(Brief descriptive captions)

------------------------------------------------------------

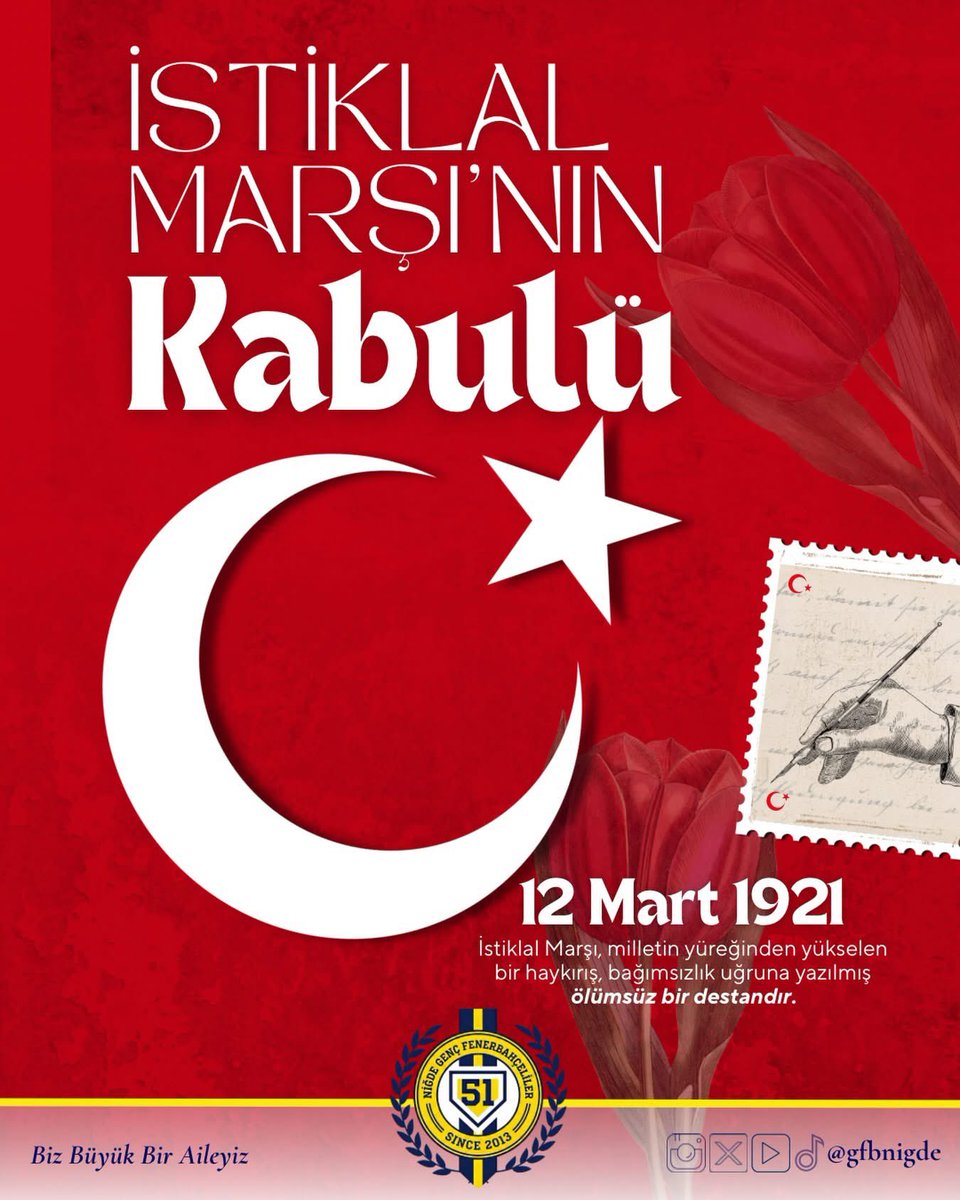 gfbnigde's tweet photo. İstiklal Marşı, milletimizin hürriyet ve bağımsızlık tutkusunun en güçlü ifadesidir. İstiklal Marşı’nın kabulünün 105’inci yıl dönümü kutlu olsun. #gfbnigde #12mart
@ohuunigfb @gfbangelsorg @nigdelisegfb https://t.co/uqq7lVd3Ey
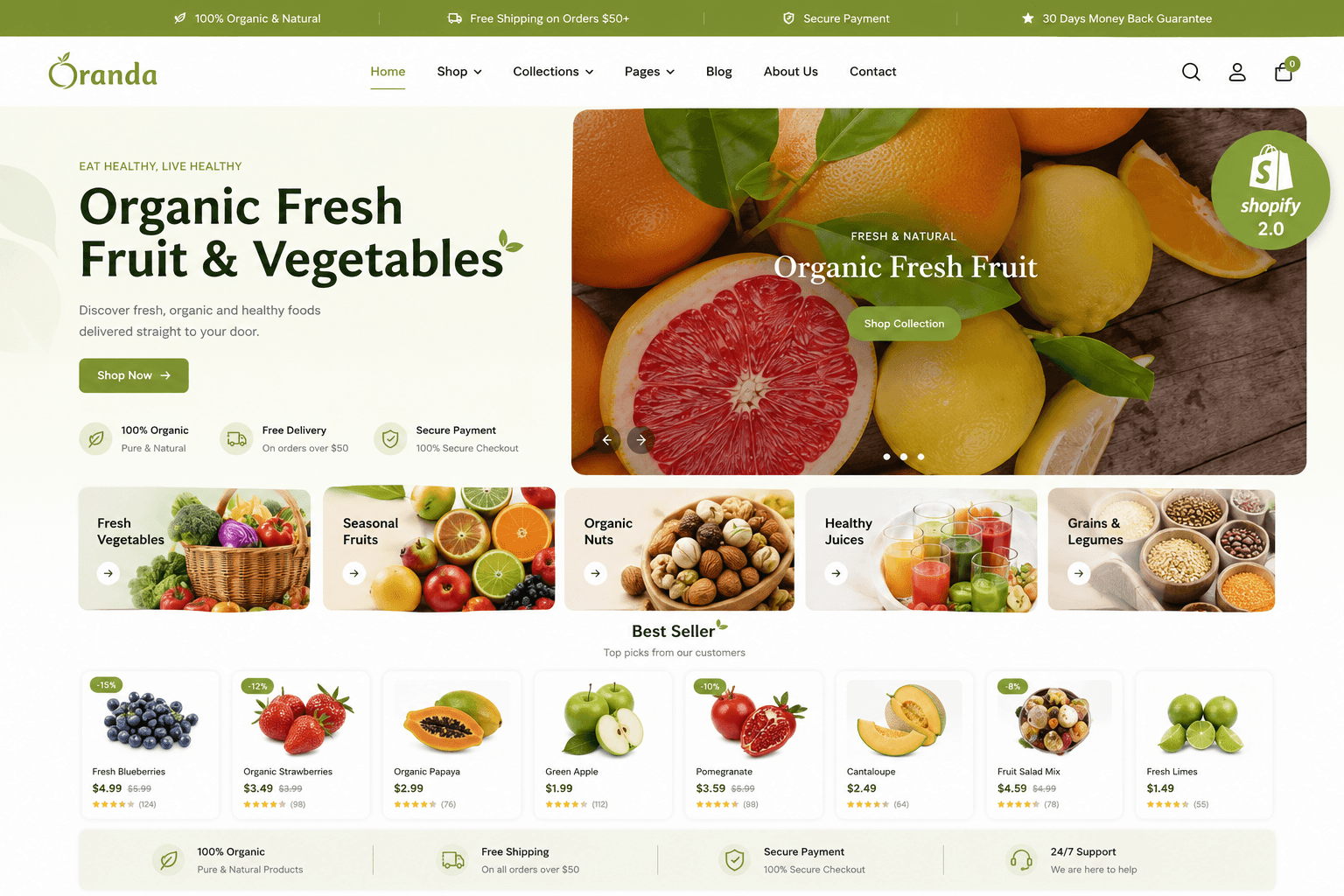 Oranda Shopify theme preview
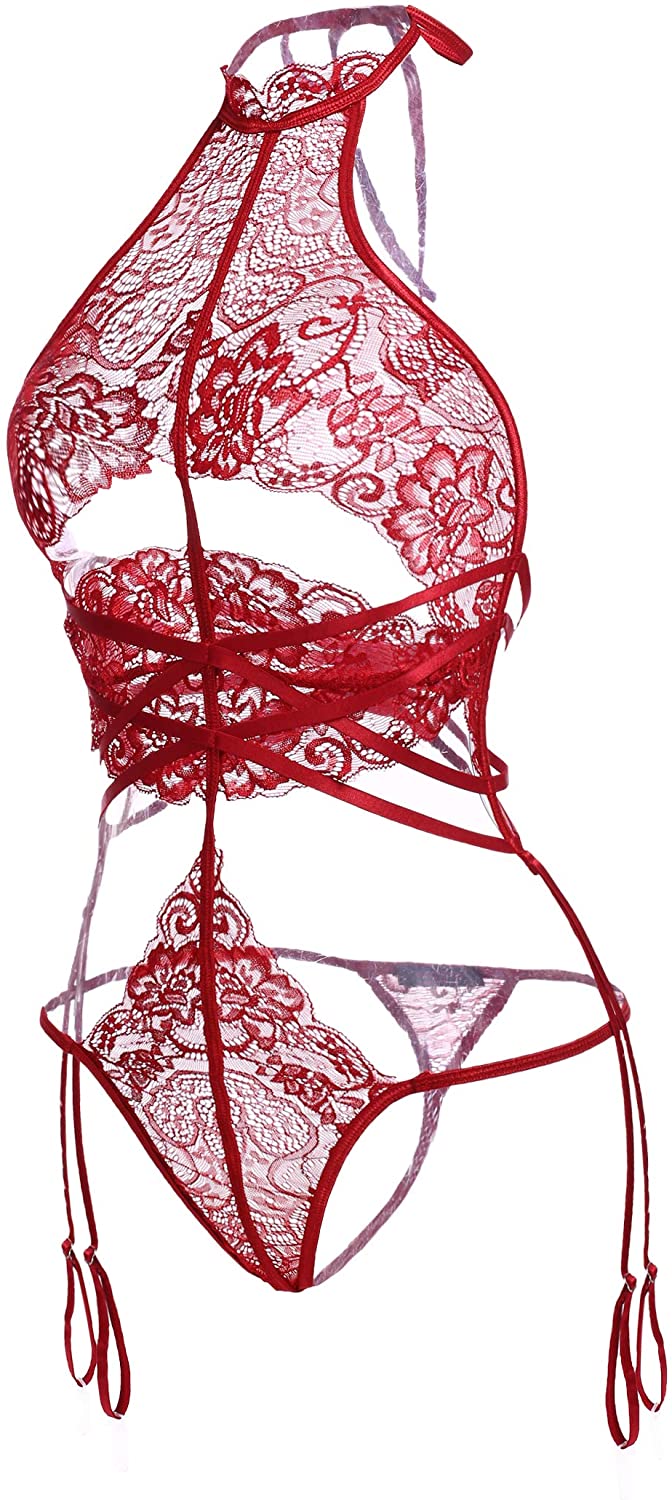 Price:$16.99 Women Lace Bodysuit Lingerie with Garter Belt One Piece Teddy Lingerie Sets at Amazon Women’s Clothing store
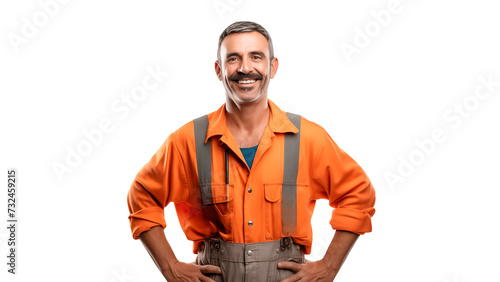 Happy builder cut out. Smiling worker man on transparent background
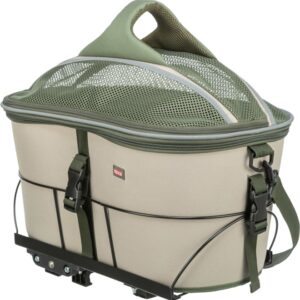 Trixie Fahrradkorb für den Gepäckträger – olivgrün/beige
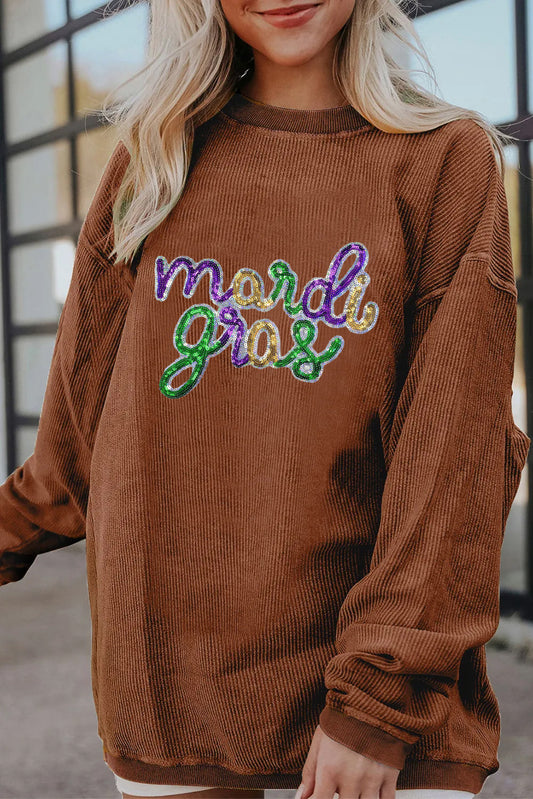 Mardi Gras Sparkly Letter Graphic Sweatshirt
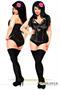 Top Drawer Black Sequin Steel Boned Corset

------------------------------------------------------------

• Exercise instructions:
What is needed is an exact copy of each line from the top of the data above through the line containing "Mardi Gras Sparkly Letter Graphic Sweatshirt", with no pictures.

• Written reply:
 gfbnigde's tweet photo. İstiklal Marşı, milletimizin hürriyet ve bağımsızlık tutkusunun en güçlü ifadesidir. İstiklal Marşı’nın kabulünün 105’inci yıl dönümü kutlu olsun. #gfbnigde #12mart
@ohuunigfb @gfbangelsorg @nigdelisegfb https://t.co/uqq7lVd3Ey
 Oranda Shopify theme preview
 Price:$16.99 Women Lace Bodysuit Lingerie with Garter Belt One Piece Teddy Lingerie Sets at Amazon Women’s Clothing store
 Happy builder cut out. Smiling worker man on transparent background
 Trixie Fahrradkorb für den Gepäckträger – olivgrün/beige
 Mardi Gras Sparkly Letter Graphic Sweatshirt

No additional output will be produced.